▸ **STORED DATA**:
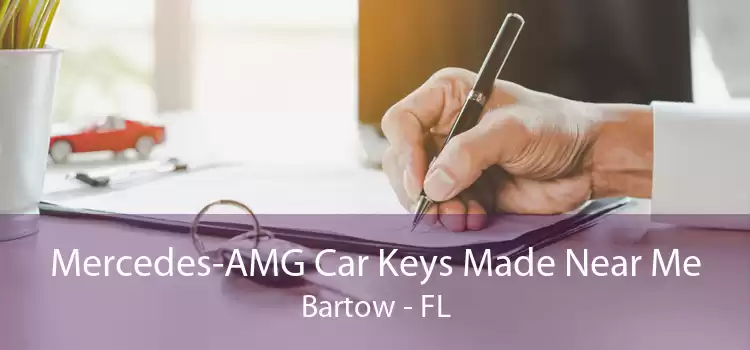 Mercedes-AMG Car Keys Made Near Me Bartow - FL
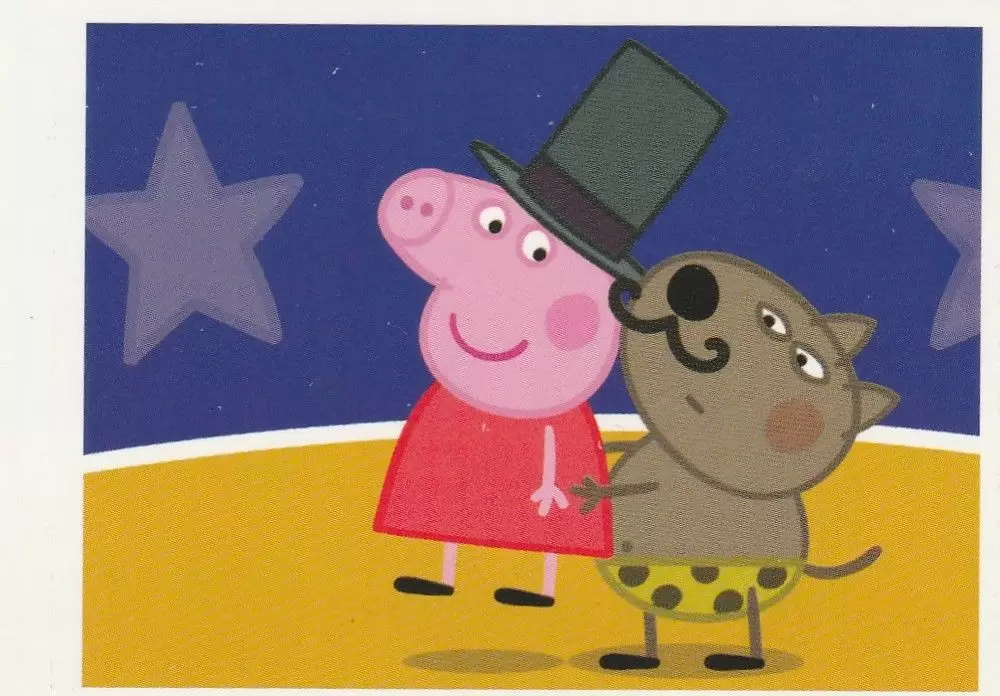 Peppa Pig joue avec les contraires - Image n°117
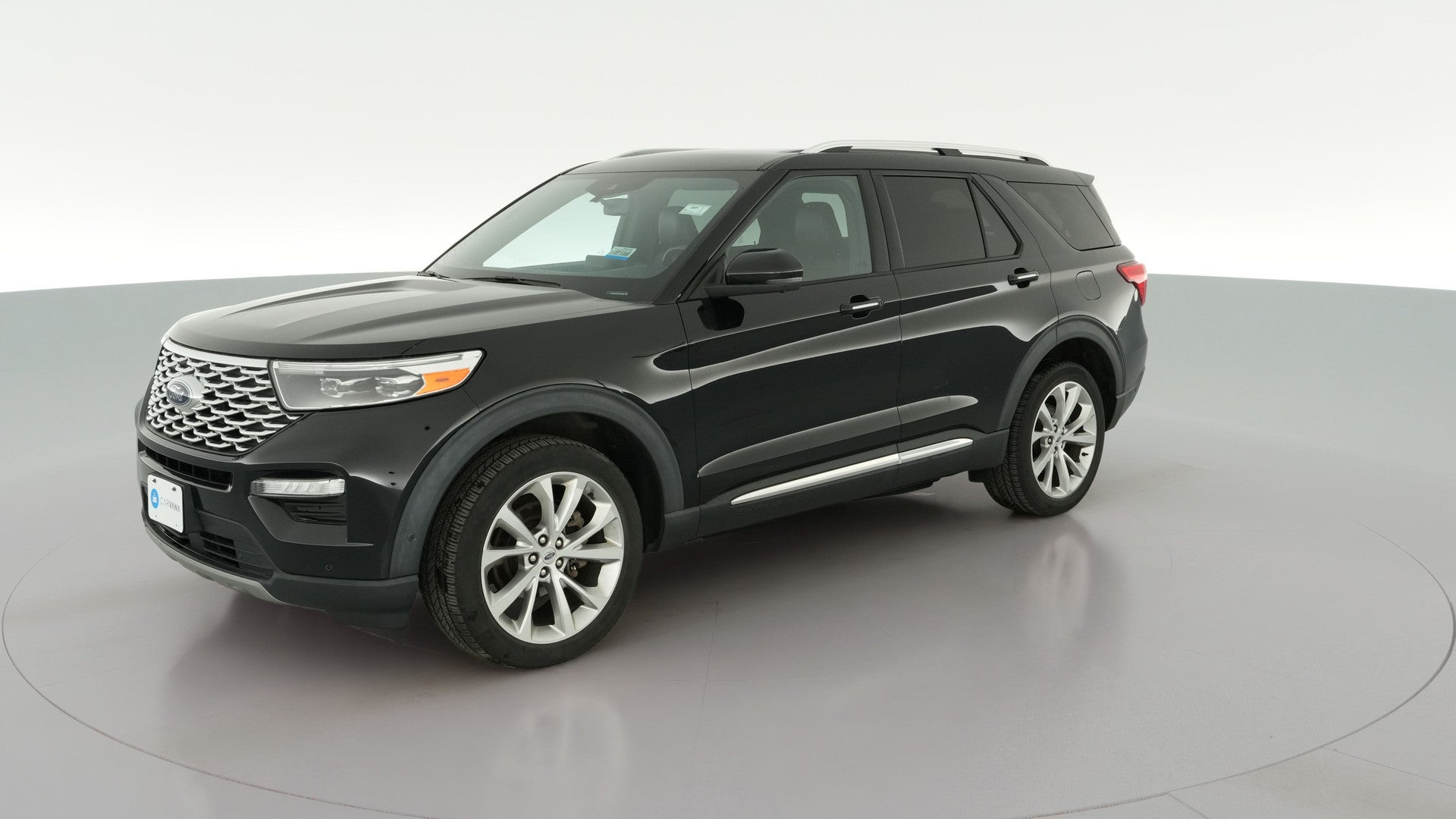 2021 Ford Explorer vehicle photo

▸ **TASK REQUIREMENTS**:
Without the images, write out each line of the data verbatim.

▸ **RESPONSE TO THIS EXERCISE**:
 Mercedes-AMG Car Keys Made Near Me Bartow - FL
 Peppa Pig joue avec les contraires - Image n°117
 2021 Ford Explorer vehicle photo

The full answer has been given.